Collected data:
◇ ◇ ◇

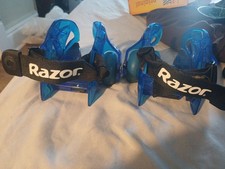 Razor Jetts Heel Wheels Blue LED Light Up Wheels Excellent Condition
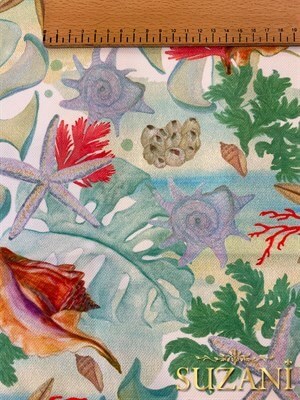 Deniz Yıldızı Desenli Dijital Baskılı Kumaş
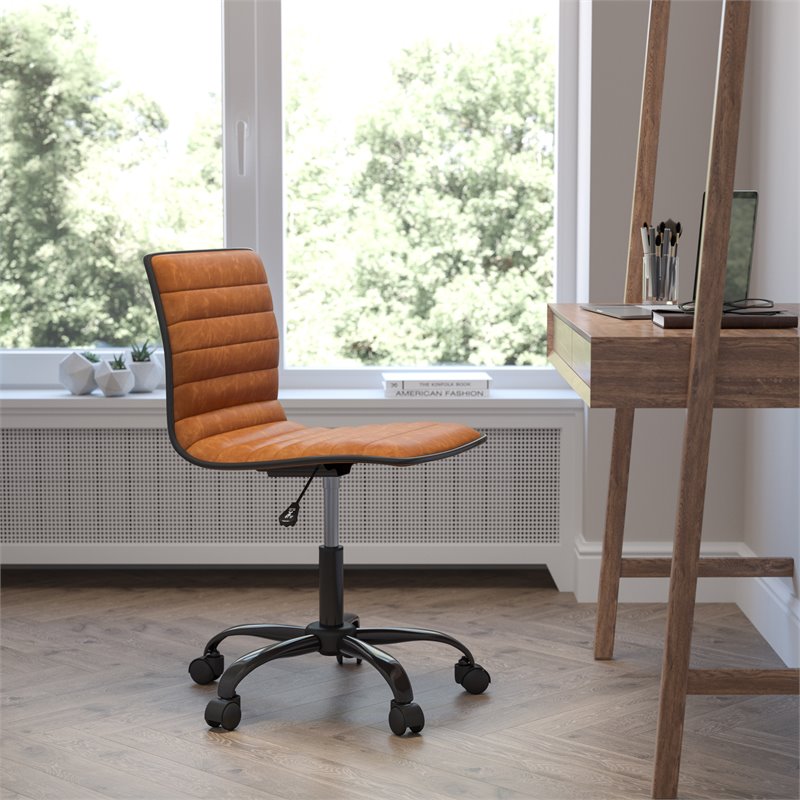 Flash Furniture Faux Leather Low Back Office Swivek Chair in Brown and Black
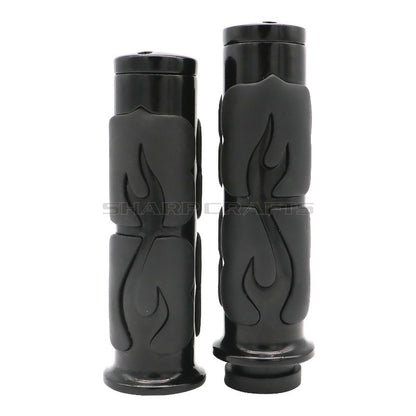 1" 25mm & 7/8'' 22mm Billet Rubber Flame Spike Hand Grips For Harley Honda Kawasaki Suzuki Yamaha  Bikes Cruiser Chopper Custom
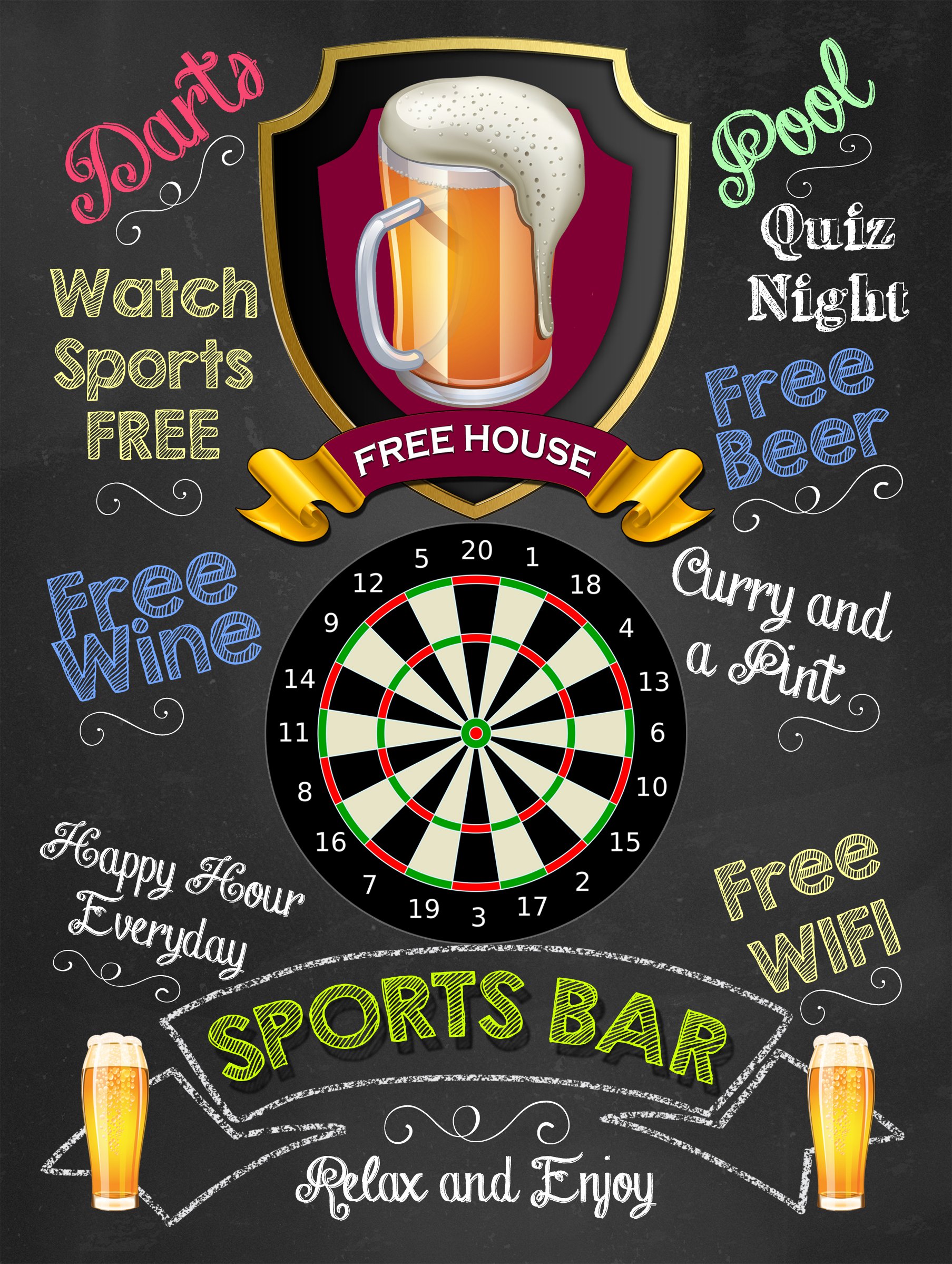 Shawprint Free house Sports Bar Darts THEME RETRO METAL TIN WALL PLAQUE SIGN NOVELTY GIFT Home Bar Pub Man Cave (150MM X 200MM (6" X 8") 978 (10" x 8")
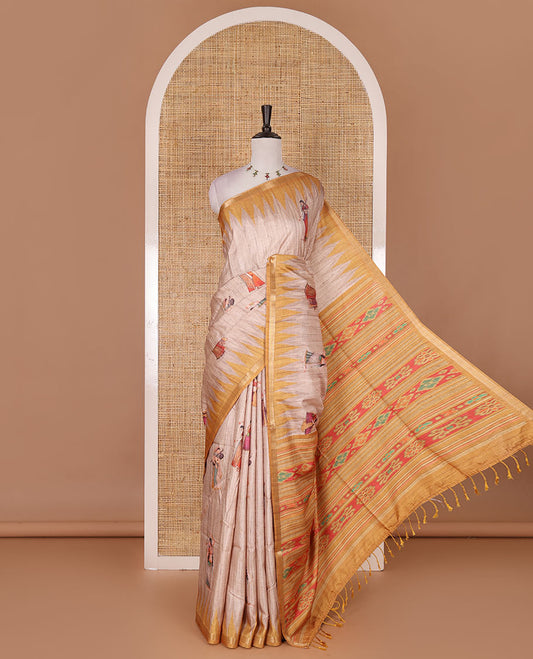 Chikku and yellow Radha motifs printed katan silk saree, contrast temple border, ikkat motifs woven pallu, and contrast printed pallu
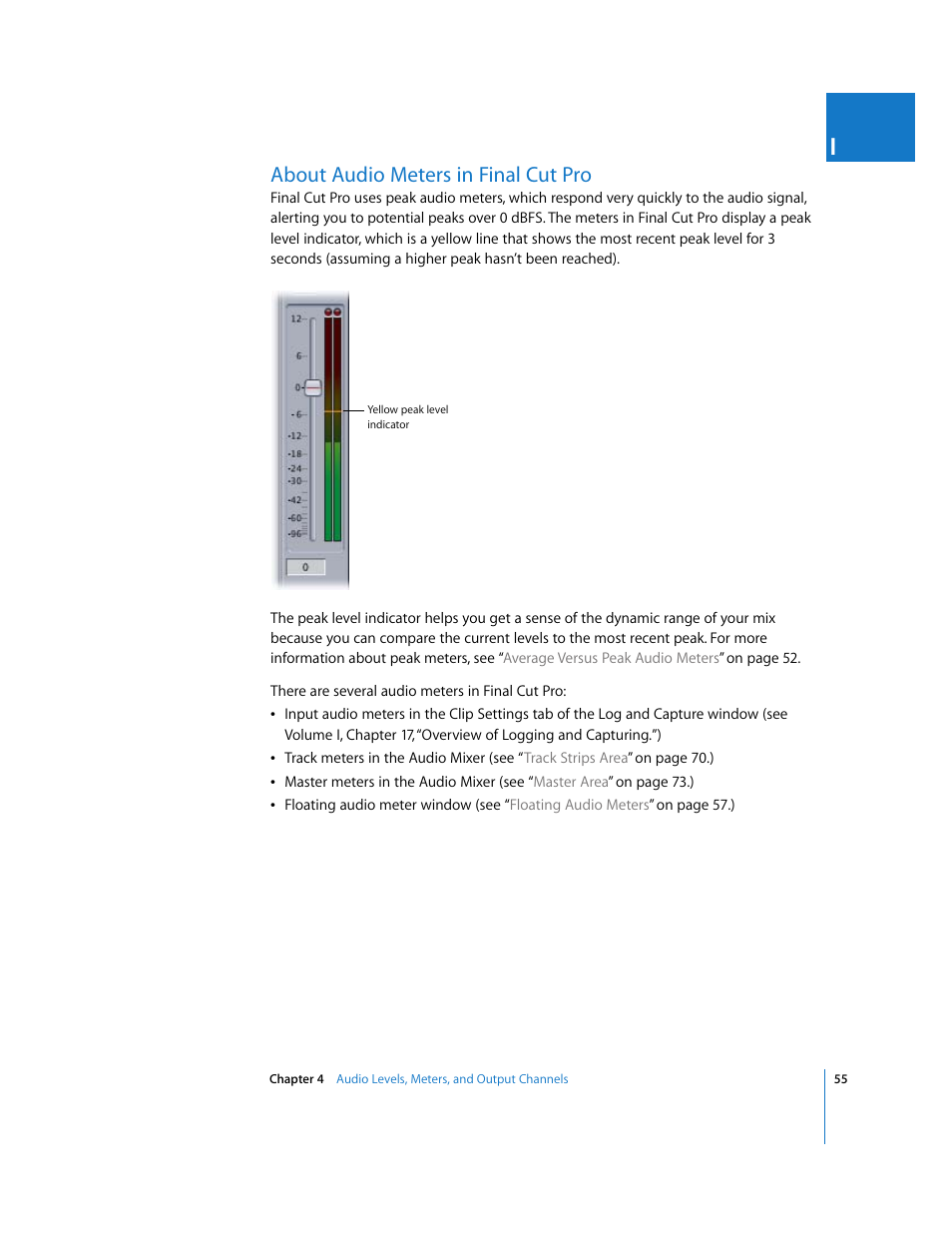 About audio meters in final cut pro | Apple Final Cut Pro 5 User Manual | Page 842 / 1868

◇ ◇ ◇

Leave out any pictures and return exactly the lines from the beginning of the data through the line with "Shawprint Free house", inclusive.

 Razor Jetts Heel Wheels Blue LED Light Up Wheels Excellent Condition
 Deniz Yıldızı Desenli Dijital Baskılı Kumaş
 Flash Furniture Faux Leather Low Back Office Swivek Chair in Brown and Black
 1" 25mm & 7/8'' 22mm Billet Rubber Flame Spike Hand Grips For Harley Honda Kawasaki Suzuki Yamaha  Bikes Cruiser Chopper Custom
 Shawprint Free house Sports Bar Darts THEME RETRO METAL TIN WALL PLAQUE SIGN NOVELTY GIFT Home Bar Pub Man Cave (150MM X 200MM (6" X 8") 978 (10" x 8")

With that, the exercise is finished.